Les entreprises payent-elles vraiment trop de charges ? Les candidats à l'élection présidentielle qui veulent les diminuer peuvent-ils le faire ? Retour sur cette idée reçue.

Nombre de candidats à l'élection présidentielle veulent baisser les charges des entreprises pour améliorer leur compétitivité.
Nombre de candidats à l'élection présidentielle veulent baisser les charges des entreprises pour améliorer leur compétitivité. © AFP / JOEL SAGET

Thème de campagne des candidats pour dynamiser l'économie française, la baisse des charges est un objectif souvent présent dans les programmes de campagne. Mais les entreprises françaises payent-elles vraiment trop de charges, en comparaison avec nos voisins européens ?

L'impôt sur les sociétés à peine plus élevé qu'en Allemagne

Maxime Debs s'est penché sur le sujet, à commencer par l'impôt sur les sociétés, cet impôt que les entreprises reversent sur les bénéfices qu'elles réalisent. Son taux est de plus de 33 % en France, contre seulement 29 en Allemagne.

Il serait la cause de tous les maux, si l'on en croit Emmanuel Macron, par exemple, qui dit vouloir l'abaisser à 25 % pour rendre de la compétitivité aux entreprises françaises.

Mais dire que nos sociétés sont étranglées par ce seul taux d'impôt trop fort, c'est un leurre, un mythe. D'après les différents économistes que j'ai pu joindre, la collecte en impot sur les sociétés, en France, est d'un montant relativement comparable aux autres pays européens : 2 points de PIB. C'est plus ou moins la même chose qu'en Allemagne. Sur ce point, donc pas de différence énorme.

Les salaires pèseraient-ils trop lourd ?

Si l'impôt sur les sociétés diffère peu, la différence se jouerait-elle sur les salaires ? Et bien pas vraiment. On a cette idée reçue persistante, selon laquelle le coût salarial serait beaucoup plus élevé en France qu'ailleurs, mais ce n'est pas tout à fait vrai.

Si on prend le cas de l'Industrie, l'ouvrier français coûte aujourd'hui moins cher à l'heure que son homologue allemand.

Selon l'institut d'études économiques Coe Rexecode, le CICE a notamment contribué à gommer l'écart entre nos deux pays. Un CICE qui fait quoiqu'il en soit débat. Benoît Hamon veut le réorienter et Nicolas Dupont-Aignan le limiter à certaines entreprises seulement.

Comment expliquer finalement cette idée véhiculée disant que les entreprises françaises paieraient trop de charges ?

Eh bien parce qu'au fond c'est vrai. Les économistes vous le disent : chez nous, les sociétés sont taxées avant même qu'elles aient des résultats.

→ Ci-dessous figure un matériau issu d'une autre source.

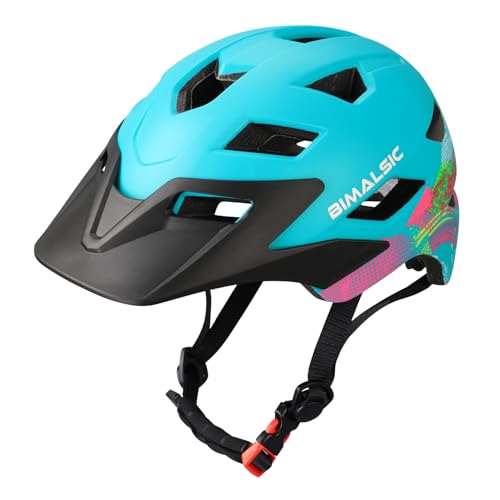 BIMALSIC Kids Youth Bike Helmet -with Removable Visor,Child Helmet for Boys and Girls 54-57cm (Ages 5-8-12-14 Years)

Pas que sur les bénéfices.

Il y a donc tout le reste : les taxes professionnelles, l'abonnement aux transports en commun, dont l'employeur doit payer la moitié à son salarié, sans compter la contribution obligatoire à l'assurance chômage. Beaucoup de charges qui pèsent, à la fin, sur les entreprises françaises quand elles ne reposent pas sur les épaules des sociétés dans les autres pays européens.

Pour se faire une idée en 2014, selon Coe Rexecode, les entreprises françaises ont versé en taxes diverses 36 milliards d'euros. Soit 18 fois plus que leurs homologues allemandes.